En fin de compte, Michel Berkelmans, co-président du cabinet de consultant LEK (Chine) observe la stratégie de Haichang, qui s’installe à Pudong à côté de Disneyland. Cet aqua-parc chinois mise sur l’effet de synergie, de « la marée qui soulève tous les bateaux en même temps ». La mairie de Shanghai apporte sa bénédiction : elle pense que Disney, Haichang et d’autres derrière, sont la voie pour créer à Pudong un pôle de loisirs, et un marché de consommateurs qui n’existe as encore en Chine.

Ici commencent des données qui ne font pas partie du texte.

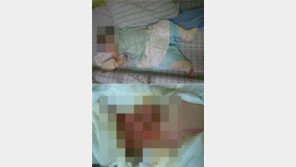 어린이집 화상 사고 “샤워기 온수에 이 정도 화상을?” 의혹 제기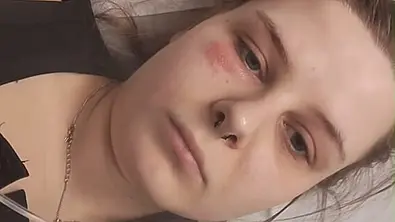 Calantha Wollny ist mit Gürtelrose im Krankenhaus - Foto: Instagram/Randale_caly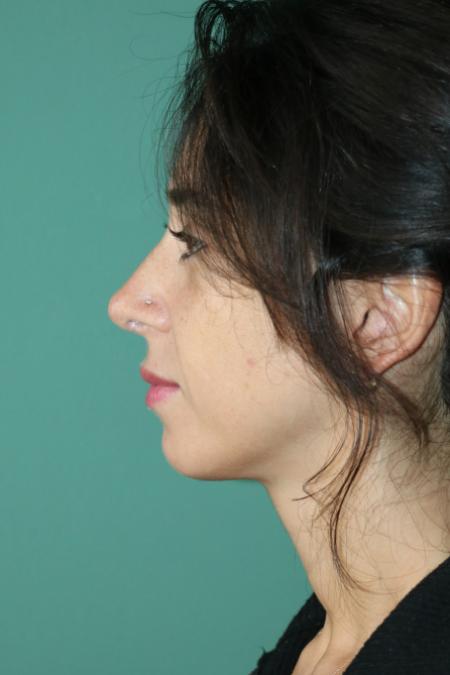 After image 4 Case #128881 - Primary Rhinoseptoplasty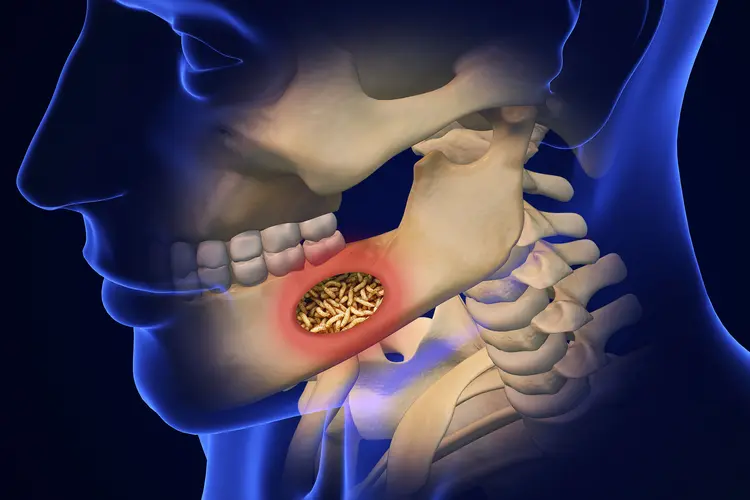 Mouth Larvae: Traits, Health Risks, and Why You Get Them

Cependant si cette perspective est juste, Wang Jianlin, en militant pour un « combat des chefs » et une guerre pour le monopole, se trompe de guerre comme de modèle économique : l’avenir du parc à thème en Chine est dans la coopération, pas dans la lutte « à mort ».
1 Commentaire
severy
4 juin 2016 à 17:50Les mythes et légendes chinois sont fort bien fournis en personnages et constituent, certes un riche vivier de récits pouvant être récupérés par ceux qui veulent les mettre en boîte pour des raisons purement mercantiles – leur signification n’étant cependant pas particulièrement proche de l’idéologie pseudo-communiste proclamée par le Parti. Malheureusement, la plupart des personnages et des histoires dans lesquels ils se débattent sont dramatiques. Sang, larmes, cris de désespoir et mort y sont la trame constante. L’avantage de Disney, Inc. est que, malgré un aspect parfois violent (moderne), la plupart des histoires sont – au moins à l’origine – conçues pour un public d’enfants. On est plus souvent plié de rire devant les tribulations de Donald Duck que jubilant devant le nombre de morts accumulées par les généraux fauchant les armées ennemies lors des conflits entre les Trois Royaumes…
Il n’est donc pas sûr que le public des deux camps soit le même. Ce qui est sûr, c’est que Disney, Inc. ne sera pas récupéré par le régime local à des fins idéologiques. Les petits Chinois pourront s’y amuser sans danger d’être manipulés – tant que Mi Laoshu ne sera pas déclaré sorex non grata.